A hinge (1) comprising a first leaf part (3) and a second leaf part (2), said first leaf part comprising a first rolling (5), said rolling being fitted with a pin (6) forming a protrusion in the axial direction of the pin, said second leaf part (2) comprising a second rolling (4) having an equal inner diameter along the entire length of the second rolling, said second rolling (4) being fitted with a height adjustment screw (9), bearing means and said protrusion formed by the pin, wherein the bearing means comprise a metal ball (7) and a retaining ring (8, 11) between the height adjustment screw (9) and the pin (6), and wherein the metal ball (7) is between the height adjustment screw (9) and the retaining ring (8, 11), and
the outer diameter of the retaining ring (8, 11) in relation to the inner diameter of the second rolling (4) is such that the retaining ring (8, 11) is in contact against the inner surface of the second rolling (4) and prevents the metal ball (7) from moving in the axial direction of the rolling but simultaneously allows movement of the metal ball (7) when the height adjustment screw (9) is turned.

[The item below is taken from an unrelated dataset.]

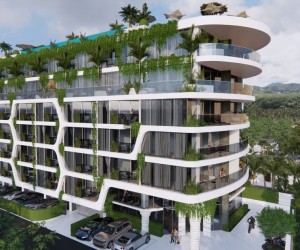 Современный кондоминиум для жизни и сдачи в аренду на пляже Раваи (020317)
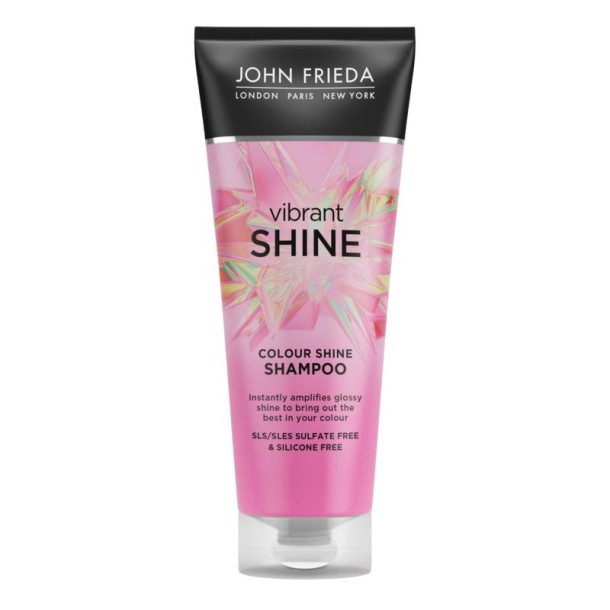 John Frieda Vibrant Shine Colour Shine Shampoo (250 Milliliter)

A hinge according to Claim 1, wherein the cross-sectional profile of the perimeter of the retaining ring (8, 11) is symmetrical in relation to the radial axis of the retaining ring.
A hinge according to Claim 2, wherein the inner edge and outer edge of the retaining ring (8) comprise bevelled surfaces (15, 14).
A hinge according to Claim 3, wherein the retaining ring (8) comprises an inner perimeter (16) and an outer perimeter (17), the outer perimeter being thicker than the inner perimeter in the direction of the central axis of the retaining ring.
A hinge according to any of the Claims 2 to 4, wherein the retaining ring (8) is plastic.
A hinge according to Claim 2, wherein the cross-sectional profile of the perimeter of the retaining ring (11) is round.
A hinge according to Claim 5 or 6, wherein the retaining ring (11) comprises a gap section (18).
A hinge according to any of the Claims 6 to 7, wherein the retaining ring (11) is metal.